ESPN.com columnist Scott Burnside said he recently talked to a couple of pro scouts, who “gushed” about how much impact Karlsson is having on the Senators.

“Every shift he does something that seems to create a scoring chance, something exciting,” Burnside said. “And his defensive game has improved appreciably over last year.”

But Burnside also not ready to concede the Norris to Karlsson.

“For me, though, the Norris should be awarded to the player that is the best at that position and that means more than just putting up impressive offensive numbers,” Burnside said. “It’s about blocking shots and shutting down opponents’ best players and leading by example at both ends. … It would be hard to put Karlsson ahead of Zdeno Chara, Shea Weber and even Ryan Suter at this point.”

Well, since Bryan Murray and the numbers have already established the fact that Karlsson already plays against the opposition’s best forwards, maybe it’s a good idea to handicap Karlsson’s candidacy because he doesn’t hit or block as many shots as some of these other defencemen. Even though it’s rarely pointed out that Chara has benefitted from the quality of his teammates or that Weber plays with Ryan fucking Suter.

While we’re at it, let us ignore Karlsson leading defencemen in takeaways. Instead we’ll lazily attempt to substantiate Karlsson’s reputation by alluding to tangible observations that the most uneducated hockey fan can witness like blocked shots or hits – punishing him because he’s not the second coming of Craig Ludwig.

As I mentioned in a piece that I wrote in February, the reason why Karlsson’s offensive game overshadows his defensive aptitude isn’t because he’s a sieve out there. He’s not. There is nothing egregious about his defensive metrics or anything to suggest that he’s incompetent. No, the reason why his offensive game eclipses what he does within the defensive zone is because it’s that damn good.  
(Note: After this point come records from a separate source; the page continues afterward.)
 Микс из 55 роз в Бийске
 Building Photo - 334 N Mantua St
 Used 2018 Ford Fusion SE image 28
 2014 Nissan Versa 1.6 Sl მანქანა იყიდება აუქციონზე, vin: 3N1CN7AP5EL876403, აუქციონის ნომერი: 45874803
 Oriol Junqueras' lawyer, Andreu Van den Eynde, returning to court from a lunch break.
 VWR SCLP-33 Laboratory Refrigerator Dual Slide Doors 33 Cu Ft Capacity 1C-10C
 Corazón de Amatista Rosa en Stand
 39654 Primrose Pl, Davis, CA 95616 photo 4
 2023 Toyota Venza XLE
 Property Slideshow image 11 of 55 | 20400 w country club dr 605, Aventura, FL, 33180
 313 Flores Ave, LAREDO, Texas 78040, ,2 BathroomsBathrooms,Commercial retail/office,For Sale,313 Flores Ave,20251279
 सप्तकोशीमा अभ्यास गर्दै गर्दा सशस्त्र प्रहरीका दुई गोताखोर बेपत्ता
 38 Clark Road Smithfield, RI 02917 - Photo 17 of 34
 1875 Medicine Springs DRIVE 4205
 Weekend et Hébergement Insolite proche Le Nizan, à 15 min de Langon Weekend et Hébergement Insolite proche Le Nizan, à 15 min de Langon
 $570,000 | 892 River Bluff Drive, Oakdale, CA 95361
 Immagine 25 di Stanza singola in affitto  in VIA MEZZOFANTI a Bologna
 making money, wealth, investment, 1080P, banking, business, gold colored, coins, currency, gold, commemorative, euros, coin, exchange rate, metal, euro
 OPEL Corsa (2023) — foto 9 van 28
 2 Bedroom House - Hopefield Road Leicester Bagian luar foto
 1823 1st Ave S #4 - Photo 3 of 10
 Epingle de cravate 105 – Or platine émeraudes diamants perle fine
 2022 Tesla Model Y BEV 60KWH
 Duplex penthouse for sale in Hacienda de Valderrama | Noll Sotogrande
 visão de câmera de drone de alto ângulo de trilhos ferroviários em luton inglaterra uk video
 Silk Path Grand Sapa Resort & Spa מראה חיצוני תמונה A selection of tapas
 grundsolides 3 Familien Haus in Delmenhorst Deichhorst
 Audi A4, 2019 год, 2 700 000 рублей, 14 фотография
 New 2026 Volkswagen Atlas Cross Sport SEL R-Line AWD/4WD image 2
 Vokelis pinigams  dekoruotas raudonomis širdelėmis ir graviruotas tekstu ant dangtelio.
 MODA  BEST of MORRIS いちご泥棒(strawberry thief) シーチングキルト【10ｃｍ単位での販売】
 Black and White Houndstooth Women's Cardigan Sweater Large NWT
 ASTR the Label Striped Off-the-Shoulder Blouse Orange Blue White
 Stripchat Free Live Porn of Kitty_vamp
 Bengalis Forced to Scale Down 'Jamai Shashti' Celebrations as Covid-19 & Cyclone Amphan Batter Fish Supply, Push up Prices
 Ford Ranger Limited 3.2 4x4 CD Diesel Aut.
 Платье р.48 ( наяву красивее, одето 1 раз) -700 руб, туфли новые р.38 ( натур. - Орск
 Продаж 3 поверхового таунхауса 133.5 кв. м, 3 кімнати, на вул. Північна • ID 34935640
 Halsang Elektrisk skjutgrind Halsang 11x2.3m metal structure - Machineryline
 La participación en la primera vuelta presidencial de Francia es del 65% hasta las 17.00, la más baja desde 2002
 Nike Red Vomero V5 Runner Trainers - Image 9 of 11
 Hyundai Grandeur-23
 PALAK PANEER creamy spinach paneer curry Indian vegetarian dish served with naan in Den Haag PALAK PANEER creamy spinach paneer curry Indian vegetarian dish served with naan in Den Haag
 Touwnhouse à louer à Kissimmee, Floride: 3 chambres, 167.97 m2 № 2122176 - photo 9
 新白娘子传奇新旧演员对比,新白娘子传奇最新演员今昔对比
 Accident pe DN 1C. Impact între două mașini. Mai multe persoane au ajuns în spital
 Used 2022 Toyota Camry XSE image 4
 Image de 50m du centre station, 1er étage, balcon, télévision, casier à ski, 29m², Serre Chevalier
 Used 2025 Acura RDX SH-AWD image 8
Nashville Tennessean sportswriter Josh Cooper considers Karlsson one of the favorites, but he believes other defensemen are superior to him at other aspects of the game.

“The trophy states that the player must have the best all-around ability at his position,” Cooper said, “and this should include prowess in his own end.”

Cooper points out that Weber lost the Norris voting to Lidstrom by a slim margin last season and Weber is performing even better this season.

Excuse me for a second so that I may reach for the Kleenex box.

Former Calgary Flames general manager Craig Button says there is no question that Karlsson is effective enough defensively to win the Norris.

“He forces teams to alter their thinking offensively,” Button said.

In other words, opponents are so concerned about Karlsson’s ability in the transition game that they play cautiously.

But…blocked shots…hits…Weber almost won last season and he’s better this year….zzzzzzzzzzzzzzzzz

“That’s the same as stopping them,” Button said. “They know he’s such a superb passer that if they lose the puck, it’s going the other way in a hurry.”

Murray said Karlsson should be judged on the impact he has had on the seventh-place Senators.

“Nobody was picking us to make the playoffs,” Murray said.

Added Button: “I’m not sure that Jason Spezza and Milan Michalek would be among the league leaders in scoring if not for Karlsson.”

Ummm, nails much?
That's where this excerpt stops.